**WORK INSTRUCTIONS:** Using the material below, set down only the line containing "this 600×400 image." and the lines after it, unchanged.

**PROVIDED MATERIAL:**
__________
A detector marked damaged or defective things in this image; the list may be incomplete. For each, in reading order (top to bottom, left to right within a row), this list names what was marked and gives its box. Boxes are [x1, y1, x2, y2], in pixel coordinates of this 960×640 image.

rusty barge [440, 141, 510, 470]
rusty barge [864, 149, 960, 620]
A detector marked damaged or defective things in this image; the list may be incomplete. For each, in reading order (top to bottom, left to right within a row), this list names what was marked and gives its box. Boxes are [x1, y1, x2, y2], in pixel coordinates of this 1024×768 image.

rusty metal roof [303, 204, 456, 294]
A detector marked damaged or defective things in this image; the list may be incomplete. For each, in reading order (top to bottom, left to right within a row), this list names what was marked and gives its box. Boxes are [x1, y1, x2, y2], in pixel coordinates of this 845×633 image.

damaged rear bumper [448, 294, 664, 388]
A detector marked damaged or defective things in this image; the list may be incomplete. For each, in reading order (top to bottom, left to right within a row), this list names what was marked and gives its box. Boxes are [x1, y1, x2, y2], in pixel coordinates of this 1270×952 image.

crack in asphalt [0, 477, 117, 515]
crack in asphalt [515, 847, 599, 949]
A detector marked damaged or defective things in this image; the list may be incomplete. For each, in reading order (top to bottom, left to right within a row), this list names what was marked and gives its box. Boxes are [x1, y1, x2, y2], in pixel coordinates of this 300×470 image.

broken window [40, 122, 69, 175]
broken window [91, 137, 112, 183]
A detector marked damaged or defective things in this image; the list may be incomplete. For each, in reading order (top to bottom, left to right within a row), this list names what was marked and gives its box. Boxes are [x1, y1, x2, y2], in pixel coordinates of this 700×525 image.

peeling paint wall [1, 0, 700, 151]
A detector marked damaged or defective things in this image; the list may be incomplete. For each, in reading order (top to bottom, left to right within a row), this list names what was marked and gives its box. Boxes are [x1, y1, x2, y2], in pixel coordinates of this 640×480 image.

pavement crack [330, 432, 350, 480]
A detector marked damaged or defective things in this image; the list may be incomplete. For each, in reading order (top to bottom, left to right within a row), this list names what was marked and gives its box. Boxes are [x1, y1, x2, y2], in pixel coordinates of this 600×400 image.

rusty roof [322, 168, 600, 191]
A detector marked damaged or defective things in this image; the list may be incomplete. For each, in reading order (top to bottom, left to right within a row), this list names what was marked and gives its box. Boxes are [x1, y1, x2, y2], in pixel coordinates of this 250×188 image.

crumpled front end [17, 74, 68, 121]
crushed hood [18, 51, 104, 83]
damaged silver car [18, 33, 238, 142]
__________
**WRITTEN ANSWER:**
A detector marked damaged or defective things in this image; the list may be incomplete. For each, in reading order (top to bottom, left to right within a row), this list names what was marked and gives its box. Boxes are [x1, y1, x2, y2], in pixel coordinates of this 600×400 image.

rusty roof [322, 168, 600, 191]
A detector marked damaged or defective things in this image; the list may be incomplete. For each, in reading order (top to bottom, left to right within a row), this list names what was marked and gives its box. Boxes are [x1, y1, x2, y2], in pixel coordinates of this 250×188 image.

crumpled front end [17, 74, 68, 121]
crushed hood [18, 51, 104, 83]
damaged silver car [18, 33, 238, 142]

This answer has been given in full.